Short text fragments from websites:
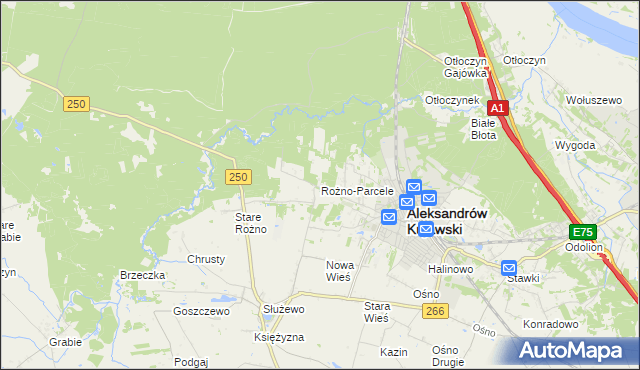 mapa Rożno-Parcele, Rożno-Parcele na mapie Targeo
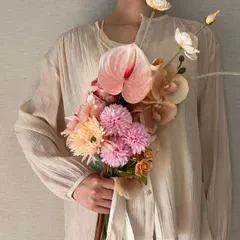 ブートニア付♡ウェディングブーケ／ピンク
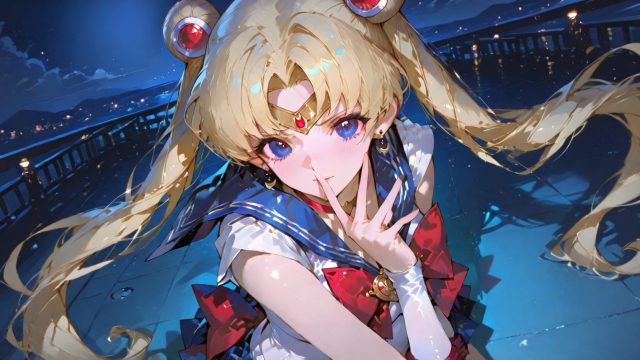 Sailor Moon Under a Starlit Night Wallpaper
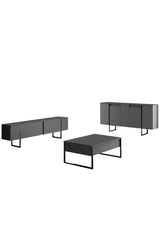 Furniture Set Anthracite Luxe - Coffee Table + TV Cabinet + Dresser - Black Frame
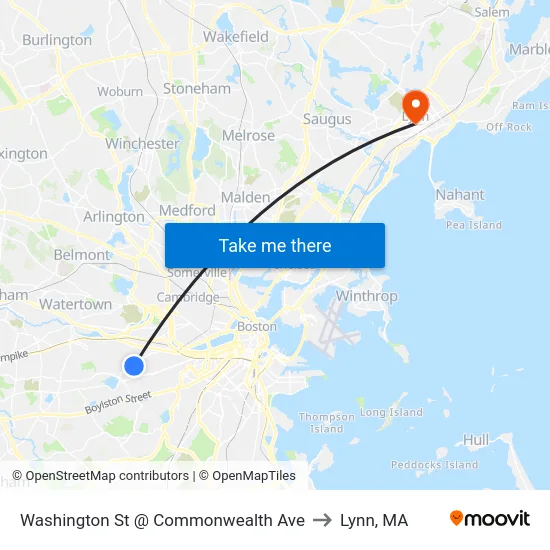 Washington St @ Commonwealth Ave to Lynn, MA map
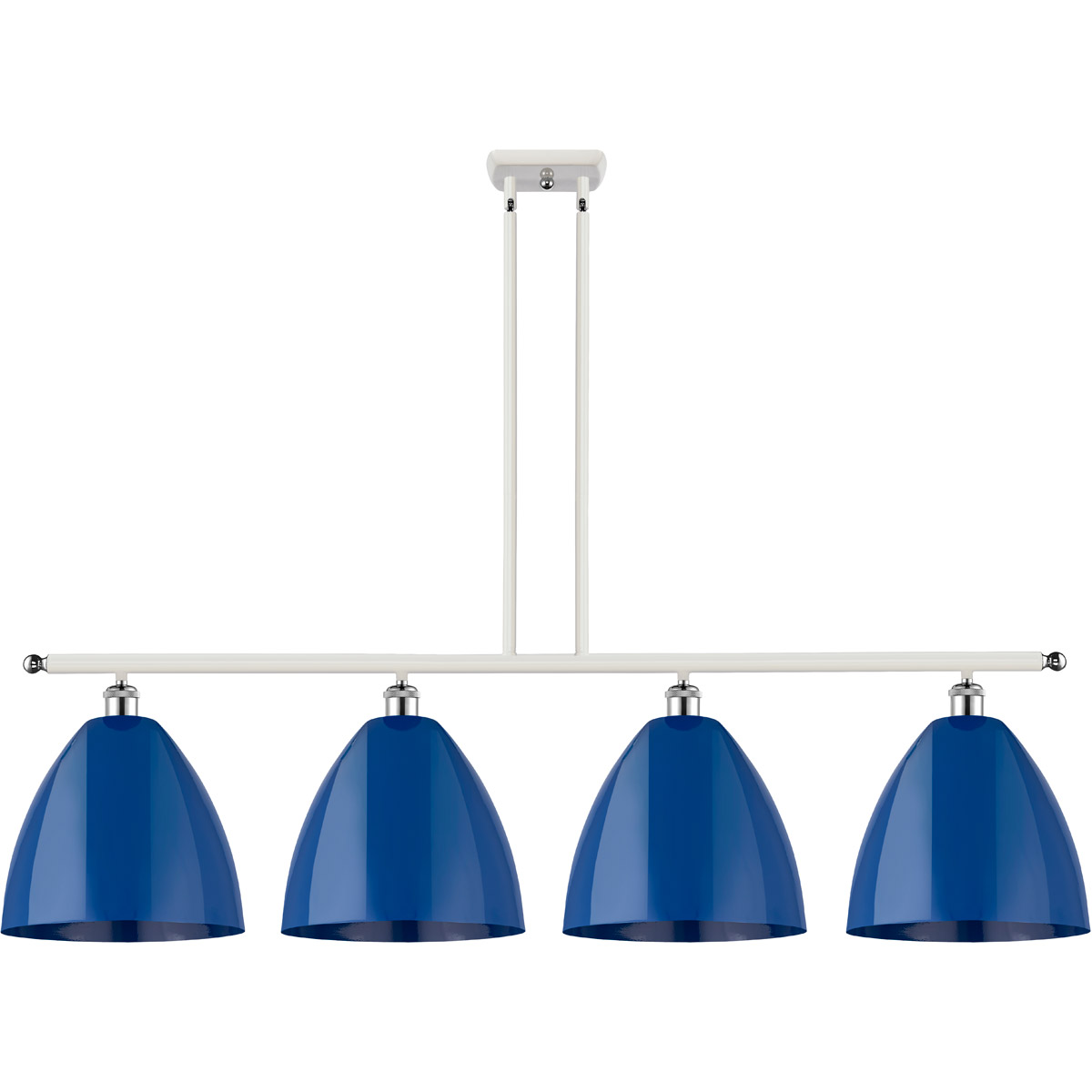 Innovations Lighting 516-4I-WPC-MBD-12-BL Ballston Plymouth Dome 4 Light 50 inch White and Polished Chrome Island Light Ceiling Light in Matte Blue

▶ What to produce
Copy exactly, leaving out pictures, the lines from the line containing "Washington St @" through the last line of the records.

▶ Written response
 Washington St @ Commonwealth Ave to Lynn, MA map
 Innovations Lighting 516-4I-WPC-MBD-12-BL Ballston Plymouth Dome 4 Light 50 inch White and Polished Chrome Island Light Ceiling Light in Matte Blue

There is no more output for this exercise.